Komunikasi keluarga memiliki peran penting yang lebih luas daripada sekadar menjaga keharmonisan hubungan. Sebagai pondasi kehidupan, komunikasi keluarga memainkan peran dalam membentuk identitas pribadi, memberikan dukungan emosional, dan mempersiapkan anggota keluarga untuk menghadapi tantangan hidup. Fungsi lain dari komunikasi keluarga mencakup transfer nilai-nilai budaya, pengajaran keterampilan sosial, serta penciptaan rasa aman dan keterikatan yang mendalam antar anggota keluarga. Hal tersebut dapat dilakukan melalui percakapan yang teratur, antara orang tua dan anak karena interaksi tatap muka yang konsisten sangat penting untuk membangun keterampilan komunikasi dan empati. Orang tua dapat menanamkan nilai-nilai etika dan moral kepada anak-anak seperti membantu mereka mengembangkan rasa percaya diri, dan memberikan bimbingan dalam pengambilan keputusan yang tepat. Kohlberg (1984) menyatakan bahwa perkembangan moral anak sangat dipengaruhi oleh pola komunikasi yang diterapkan dalam keluarga, terutama melalui diskusi mengenai nilai-nilai, aturan dan konsekuensi tindakan. Komunikasi keluarga bukan hanya sarana untuk berbagi informasi, tetapi juga mekanisme utama dalam membentuk identitas, peran dan nilai-nilai keluarga. Koerner & Fitzpatrick 2002 menyatakan, komunikasi keluarga juga dapat didefinisikan sebagai proses bertukar informasi, emosi dan makna antara anggota keluarga yang mencakup interaksi verbal dan non verbal. Fungsi ini dapat berjalan bila masing-masing keluarga didorong untuk melakukan komunikasi, didorong untuk berbicara dan berbagi ide. Masing-masing keluarga bersedia untuk mendengarkan dan bertukar nilai jika diperlukan seperti dijelaskan oleh Fitzpatrick dan Ritchie (1994), bahwa dua dimensi utama dalam komunikasi keluarga, yaitu conversation orientation dan conformity orientation. Conversation orientation menggambarkan sejauh mana anggota keluarga didorong untuk berbicara dan berbagi ide, sementara conformity orientation merujuk pada sejauh mana keluarga menekankan keseragaman dalam nilai dan keyakinan. Pola komunikasi yang tinggi dalam conversation orientation biasanya menghasilkan hubungan yang lebih terbuka dan harmonis, sementara orientasi pada conformity cenderung menciptakan hubungan yang lebih terstruktur, tetapi kadang membatasi ekspresi individu.
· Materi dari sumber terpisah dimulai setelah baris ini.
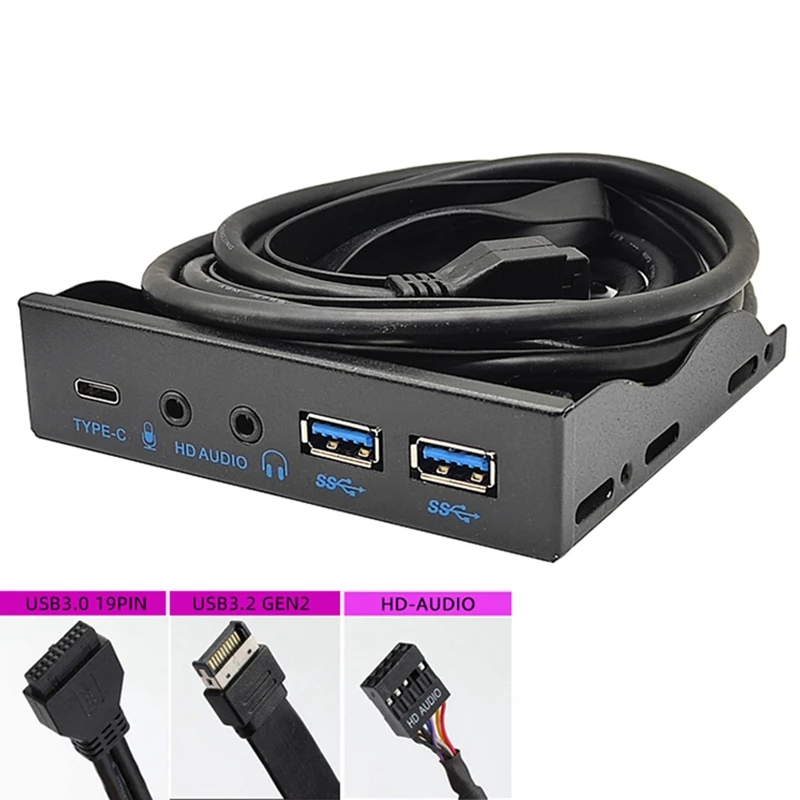 USB Front Panel For PC USB3.2 Gen2 10Gbps Type C + 19Pin 2Port USB3.0 Hub + HD Audio 3.5Mm Earphone MIC Accessories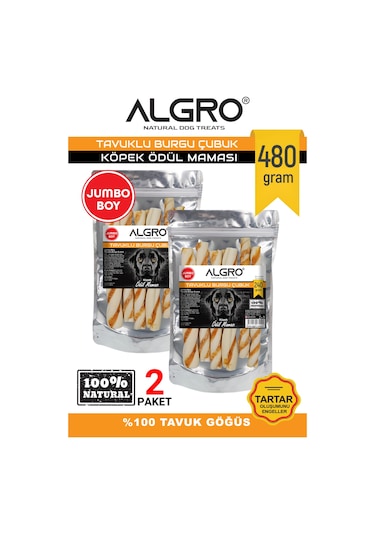 Algro Tavuk Göğüs Etli Jumbo Boy Burgu Çubuk 2 x 240 G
Meski memiliki banyak manfaat, terkadang komunikasi secara langsung  sulit dilakukan mengingat masing-masing keluarga telah menemukan kenyamanan melalui penggunaan gawai dan perangkat teknologi mereka. Maka, keluarga terutama orang tua perlu menerapkan aturan yang disepakati bersama anggota keluarga lainnya untuk menyediakan minimal satu waktu dalam sehari untuk duduk bersama tanpa gawai atau perangkat teknologi  diantara mereka. Waktu ini bisa dipilih saat melakukan sarapan atau makan malam bersama. Orang tua juga bisa menyediakan waktu tertentu untuk melakukan aktivitas bersama di luar rumah, baik bersama seluruh anggota keluarga atau bersama salah satu anggota keluarga secara bergantian, sehingga tercipta ikatan yang cukup kuat antar anggota keluarga. Kegiatan ini juga dilakukan tanpa ada gawai diantara mereka. Gawai bisa disimpan terlebih dahulu sekitar kurang lebih 1 -- 2 jam (sesuai kesepakatan). Rentang waktu tersebut dapat digunakan orang tua untuk mendiskusikan berbagai topik atau masalah yang dihadapi oleh anak-anak dan merupakan waktu yang tepat dalam menyampaikan dukungan atas berbagai keputusan yang telah atau akan diambil oleh anak. Topik pembicaraan dapat dipilih sesuai kebutuhan mulai dari sesuatu yang ringan hingga yang berat misalkan mengenai pendidikan, kegiatan di luar akademik, masalah pribadi dan sesekali menyampaikan berbagai nilai-nilai keluarga, budaya dan tradisi. Orang tua bisa memulai komunikasi dengan menanyakan apa yang sedang anak-anak rasakan, apa yang sedang anak-anak  hadapi, dan menawarkan bantuan atas apa yang terjadi, serts membangun kepercayaan dengan mendengarkan dengan seksama apa yang diutarakan tanpa banyak memotong pembicaraan, pun dengan anak, ada waktu didengarkan dan ada waktu untuk mendengarkan.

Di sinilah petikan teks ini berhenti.